(INFORMATION SUPPLIED)
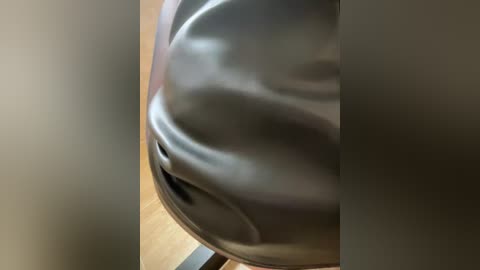 Video of a sleek, metallic, egg-shaped object with a smooth, reflective surface, positioned on a wooden surface. The image is slightly blurred, creating a soft, dreamy effect.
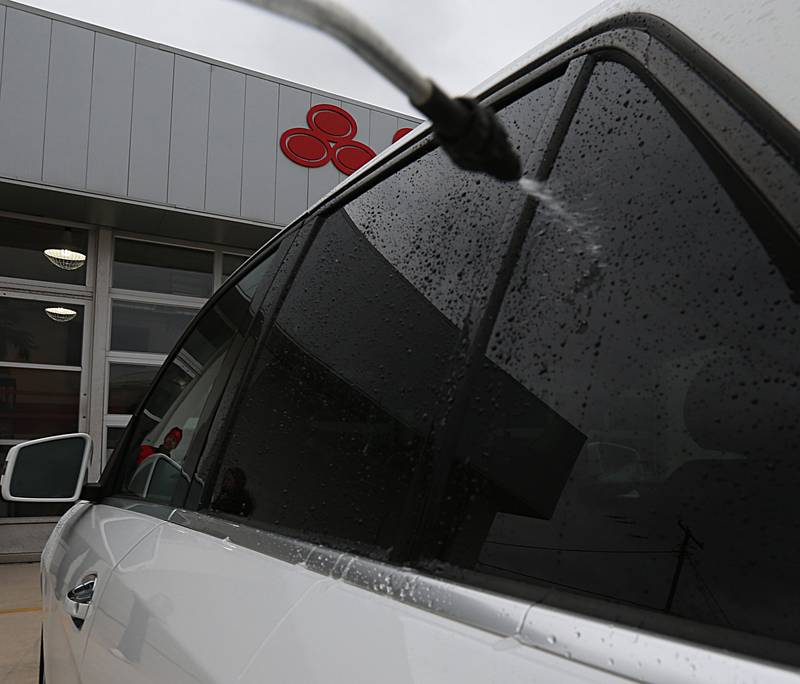 Workers at Cody Burroughs State Farm in La Salle wash down a vehicle using hydrogen peroxide and vinegar the day after the Carus Chemical fire on Thursday, Jan. 12, 2023 in La Salle.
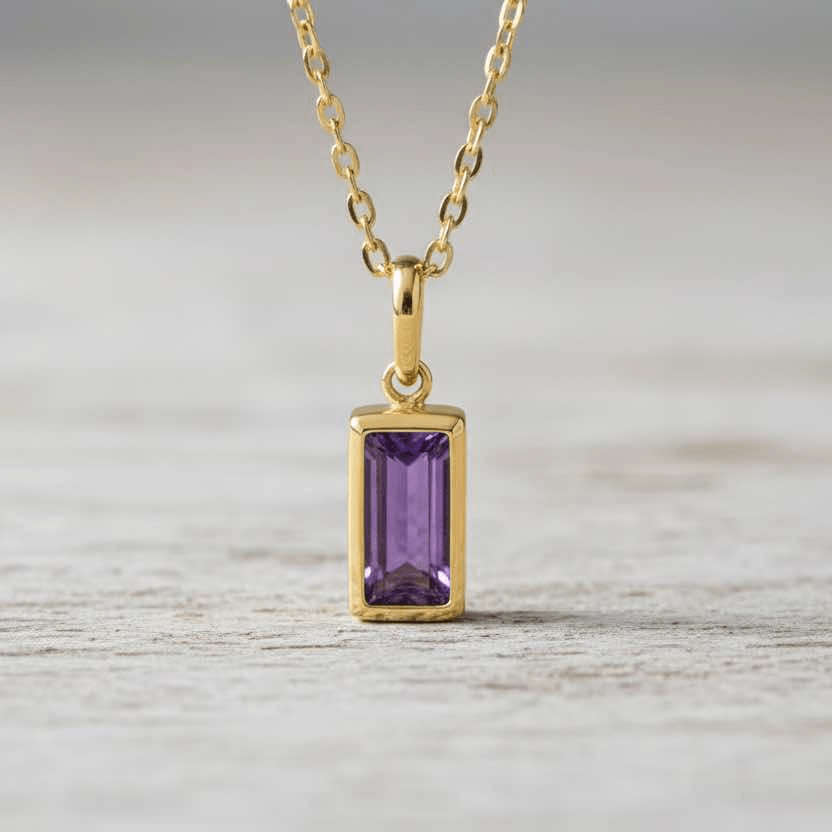 Gold necklace with a purple gemstone pendant on a white background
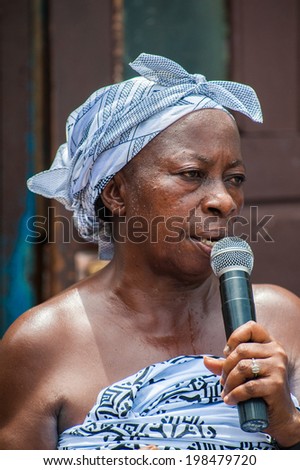ACCRA, GHANA - MARCH 4, 2012: Unidentified Ghanaian woman sings a song at the local street music show in Ghana. Music is the main kind of entertainment in Africa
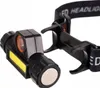 A close-up shot of a black LED headlamp with a yellow COB light strip and a small orange-rimmed light. Anteprima dell’immagine prodotto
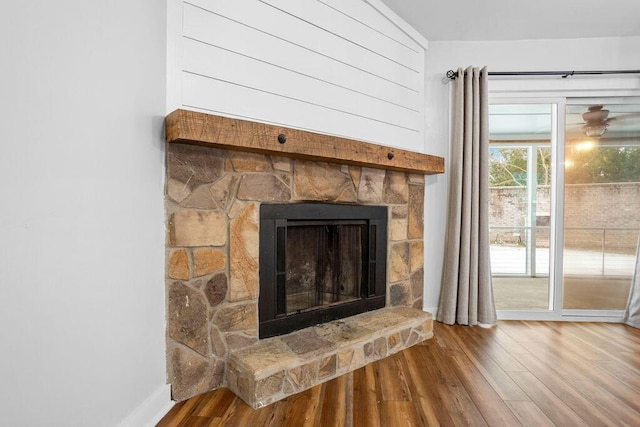 details with hardwood / wood-style flooring and a fireplace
(End INFORMATION SUPPLIED)
▸ **PROBLEM TO WORK ON**:
In the data above, find the line with "Workers at Cody" and repeat it and every line after it through the end, exactly; leave the pictures out.

▸ **EXERCISE OUTPUT**:
 Workers at Cody Burroughs State Farm in La Salle wash down a vehicle using hydrogen peroxide and vinegar the day after the Carus Chemical fire on Thursday, Jan. 12, 2023 in La Salle.
 Gold necklace with a purple gemstone pendant on a white background
ACCRA, GHANA - MARCH 4, 2012: Unidentified Ghanaian woman sings a song at the local street music show in Ghana. Music is the main kind of entertainment in Africa
 A close-up shot of a black LED headlamp with a yellow COB light strip and a small orange-rimmed light. Anteprima dell’immagine prodotto
 details with hardwood / wood-style flooring and a fireplace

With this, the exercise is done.